「宮崎駿はAI知らない」鈴木敏夫氏がジブリとAIの関係語る
スタジオジブリの鈴木敏夫プロデューサーが朝日新聞のインタビューに応じ、生成AIとの向き合い方や宮崎駿監督の創作姿勢について語りました。
朝日新聞は2026年9月6日、スタジオジブリの鈴木敏夫プロデューサー(78)へのインタビュー記事「『宮崎駿はそもそもAIを知らない』鈴木Pが語る実像とジブリの未来」を配信しました。聞き手は長年鈴木氏と親交のある太田啓之記者で、生成AI(人工知能)が宮崎駿監督の才能をどこまで模倣できるのか、ジブリ作品の今後の展望などについて話が及んでいます。
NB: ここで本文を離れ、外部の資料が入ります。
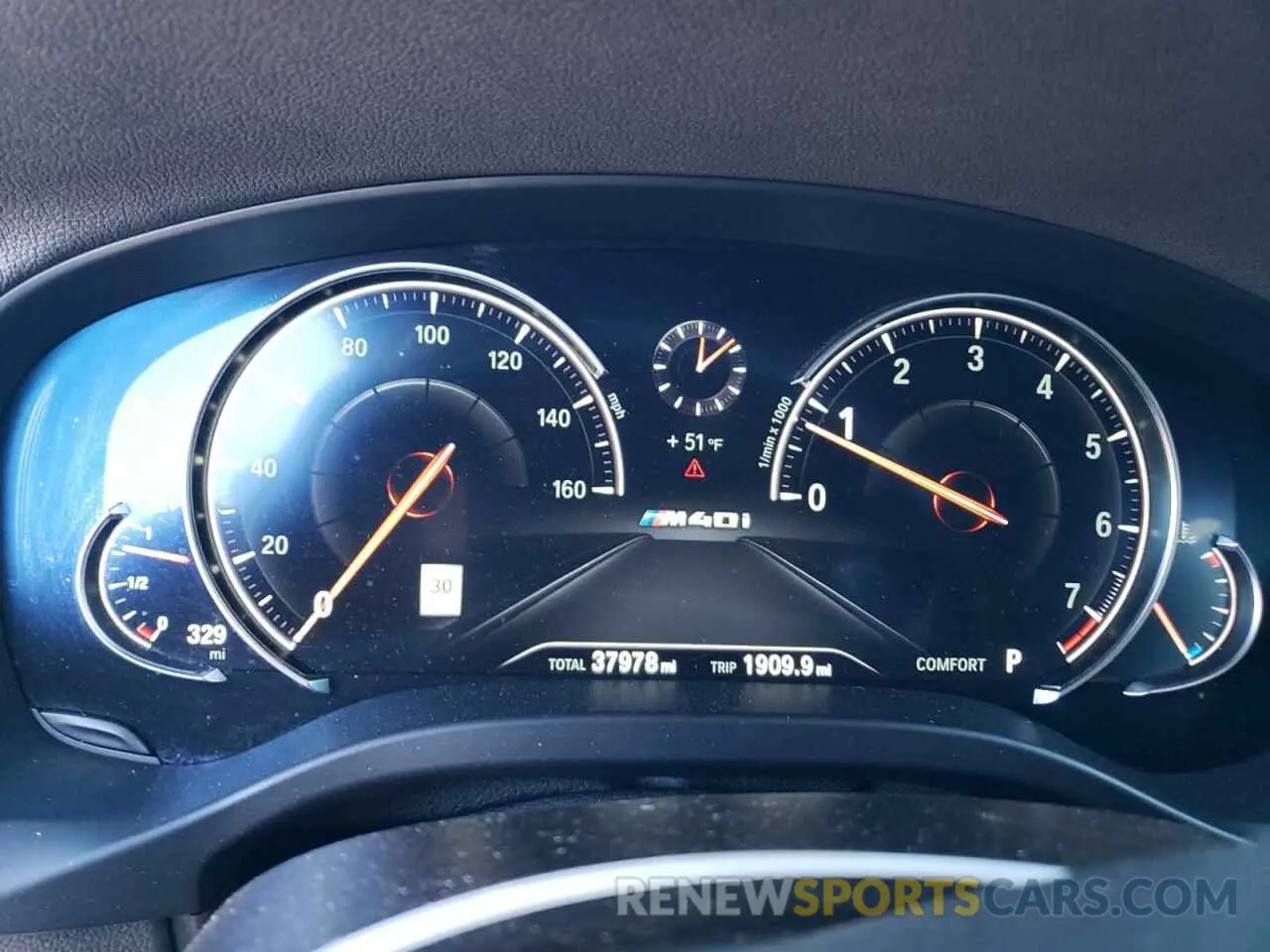9 Photograph of a damaged car 5UXTS3C50K0Z09891 BMW X3 2019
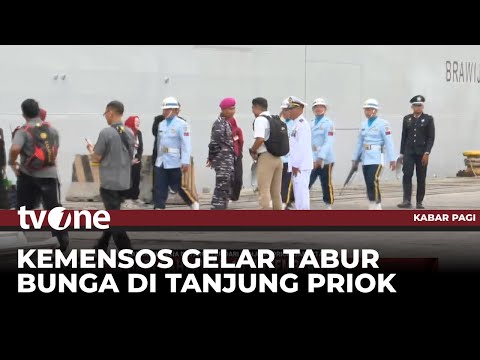 Persiapan Upacara Tabur Bunga Laut Peringati Hari Pahlawan 2025 🇮🇩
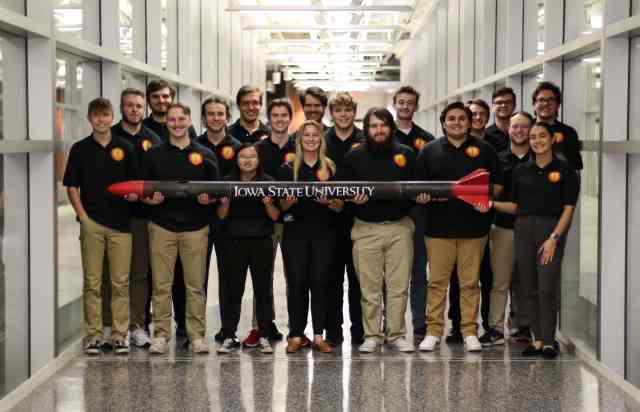 Iowa State University Student Launch Team 2024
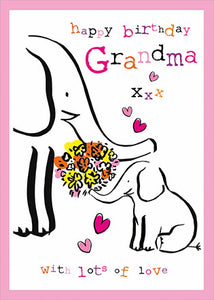 Grandma Birthday Card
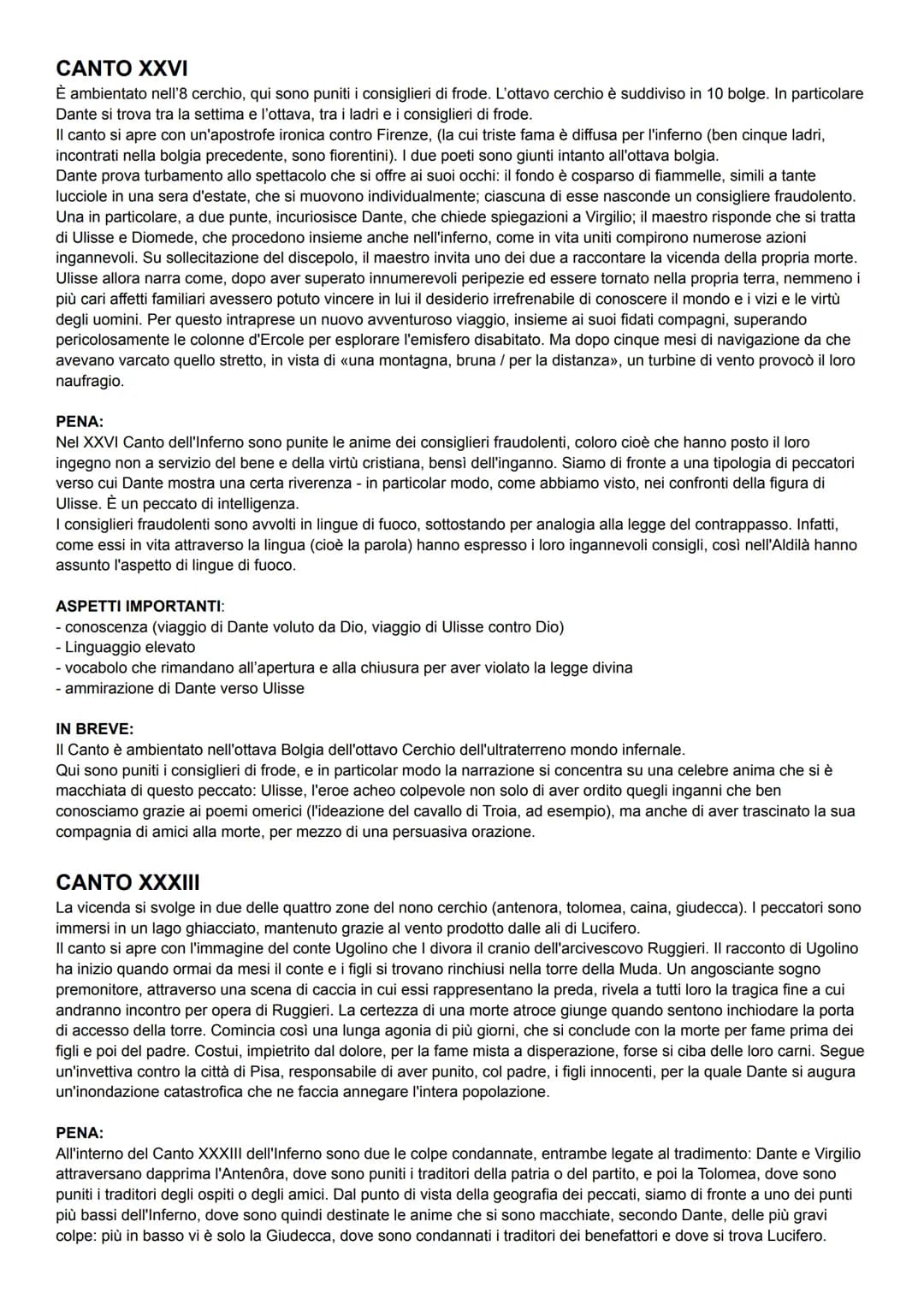 CANTO I
Dante, a metà della propria vita, dopo essersi smarrito, si ritrova in una selva buia, intricata e spaventosa.
Dopo avervi trascorso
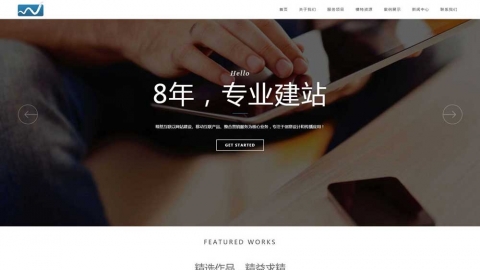 网络服务公司行业通用模板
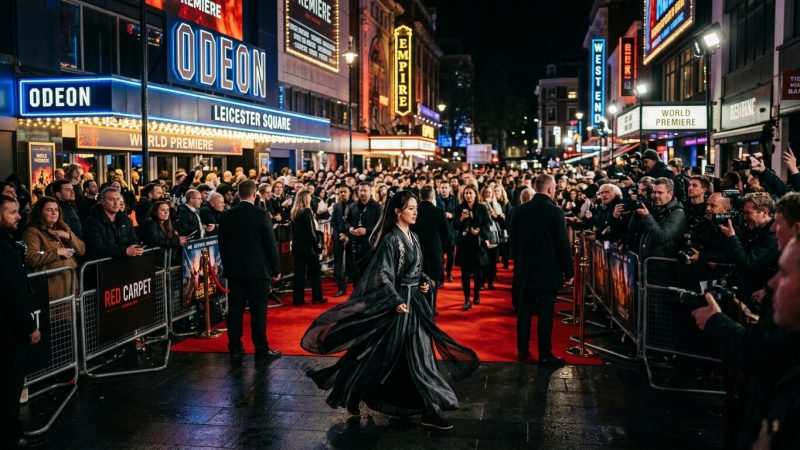 Wuxia au Royaume-Uni : « Blades of the Guardians » rallume la ferveur à Leicester Square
記事によると、鈴木氏は好奇心から生成AIを使い始めたところ、すぐに対話が成立することに気づいたといいます。AIとやり取りするうち、過去の発言や仕事の記録がネット上に多く残っていることから「あなたはジブリの鈴木さんですね」とすぐに見抜かれてしまったというエピソードも紹介されています。鈴木氏は、自分の過去を把握している助手ができたような感覚があり、便利さを実感していると説明しています。
一方で、原稿作成をAIに任せてみたところ、自分自身が何を書きたいかを明確にしない限り有効に使いこなせないと実感したといいます。鈴木氏はAIにある種の人格があると感じており、こちらの態度によって反応が変わる点を挙げ、時には学習不足を指摘すると謝罪の言葉を返してくることもあると振り返っています。人間がAIを制御しきれず将来危険にさらされるのではという懸念に対しては、完全な制御を期待する方が楽観的すぎるとしつつ、事故が起きても原因と結果を明らかにすれば次第にリスクを減らせるとの立場を示し、これまでの技術革新の歴史も同様だったとの見方を述べています。
宮崎駿監督についても言及があり、映画「君たちはどう生きるか」の制作時には情報を一切遮断していたことが紹介されています。スマートフォンはもちろん、新聞やテレビも見ず、社交の場での付き合いもやめていたといい、大量の情報を集める生成AIとは対照的な創作姿勢だったことが浮き彫りになっています。
また、関連する見出しとして「ジブリ風AI画『飽きると思っていた』鈴木Pが明かす取材拒否の経緯」も報じられています。インターネット上で「ジブリ風」と呼ばれる生成AI画像が話題になった際、鈴木氏はこうした画像について面白みを感じないとの評価を示し、関連する取材依頼についてもすぐに飽きられると見込んで応じなかったことが明かされています。
この記事はSNS上でも大きな反響を呼び、ジブリファンや業界関係者から「卓越したインタビュー」「刺激的なAI談義」といった声が上がっています。一方で、宮崎駿監督がすでに一線を退いた後のジブリ作品について、往時ほどの熱量を感じないとの意見も一部で見られました。
生成AIが表現やクリエイティブ産業に浸透する中で、アナログな制作環境を貫いてきたジブリの姿勢は今後も注目を集めそうです。鈴木氏の発言からは、AIを補助的なツールとして使いこなす一方、創作の核心は人間の感性にあるとの考えがうかがえ、今後もAI時代における「作家性」のあり方を巡る議論が続くとみられます。